Si nous supposons que l’inflation à laquelle nous faisons face (bien qu’elle soit à la baisse) est au moins partiellement due à un problème monétaire, alors la réduction du bilan est en effet une solution, que la FED a mise en place depuis maintenant quelques mois. Mais pour encore combien de temps ?
Le nouveau plan de la FED est donc le suivant : réduire ses avoirs en bons du Trésor et titres adossés à des créances hypothécaires d'un montant combinés de 47.5 milliards par mois pendant les 3 premiers mois, puis 95 milliards de dollars par mois.
À ce rythme, la FED diminuera son bilan de près de 1 500 milliards de dollars d'ici la fin de 2023, ce qui l'amènerait à 7 500 milliards.
Afin de mettre les choses en perspective, il a fallu 24 mois à la FED pour réduire son Bilan de 800 milliards de dollars entre octobre 2017 et septembre 2019, et cela s'est terminé en effondrement de la liquidité. La FED cherche à réduire deux fois ce montant, et ce en 19 mois ? Comme nous en discutions déjà la semaine dernière dans le premier article de cette newsletter, l'illiquidité du dollar se fait déjà ressentir, et quelque chose finira par casser avant.
La FED est donc face à un dilemme.
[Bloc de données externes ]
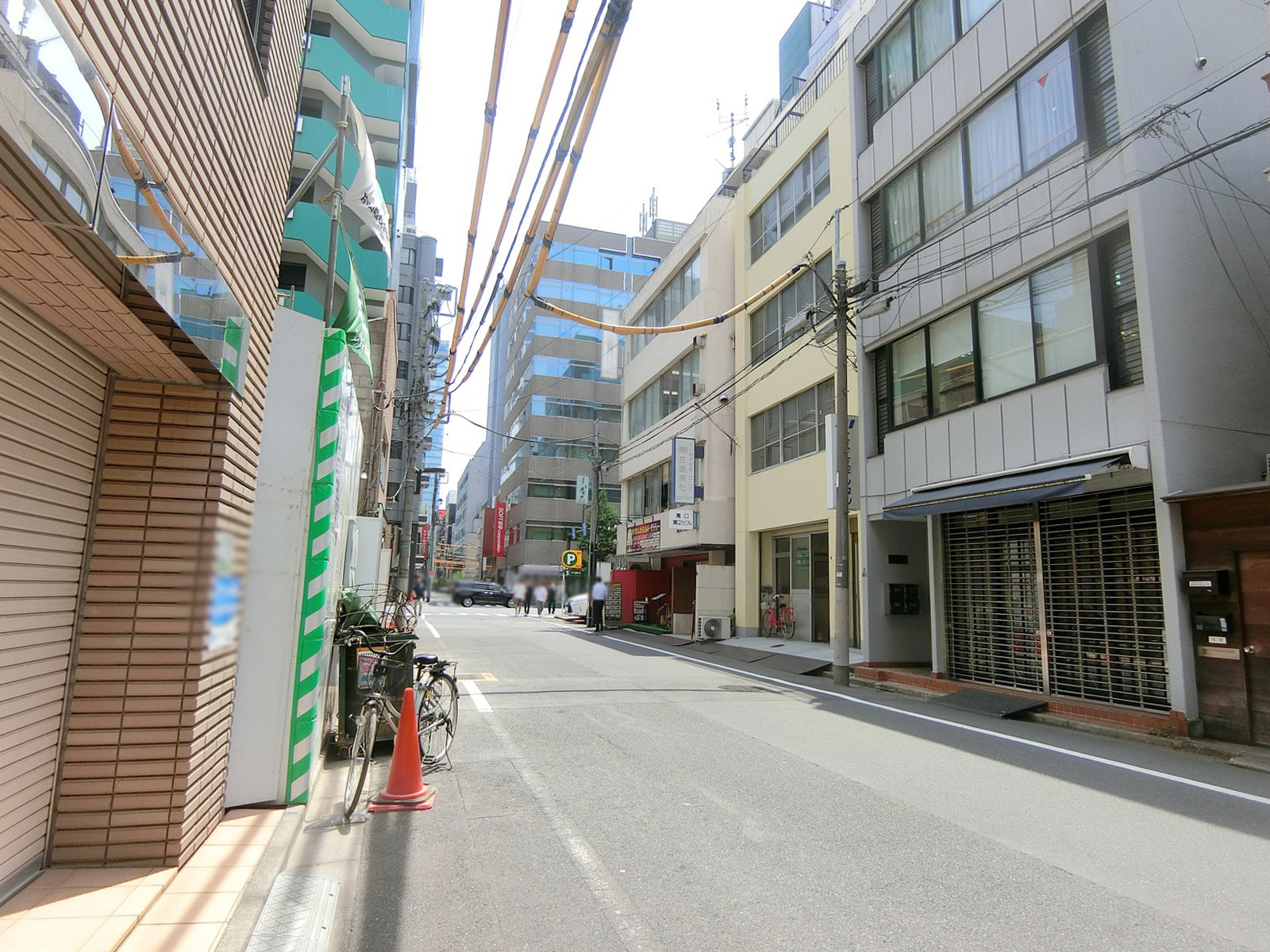 殿塚ビル前面の栄佐亀通り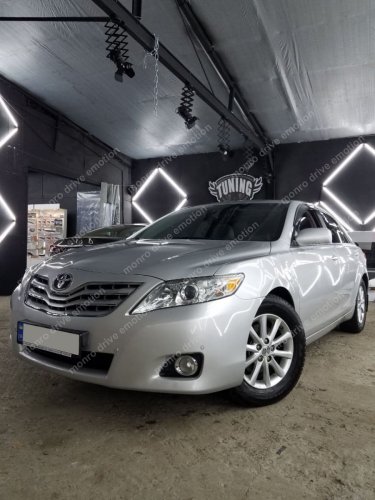 Встановлення парктроніку Toyota Camry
Soit elle réduit son bilan, et quelque chose finit par casser, soit elle ne le fait pas et nous laisse avec l’inflation. Qu’est-ce qu’elle choisira ? Nous le saurons très probablement dans les prochains mois, mais j’ai déjà un avis sur la question.
De plus, si la Bank of Japan, dont nous avions parlé la semaine dernière, continue d’acheter ses propres obligations bien que tout le monde cherche à les vendre, il faudra bien trouver cet argent quelque part. Étant une des plus grandes détentrices d’obligations américaines, une vente massive de la part des Japonais pourrait forcer la FED à racheter ses obligations pour éviter une panique des marchés obligataires, et donc réinjecter de l’argent.
En résumé, les risques s’accumulent sur la FED, et malgré la détermination affichée de ses membres, je doute qu’ils résistent à toutes ces pressions.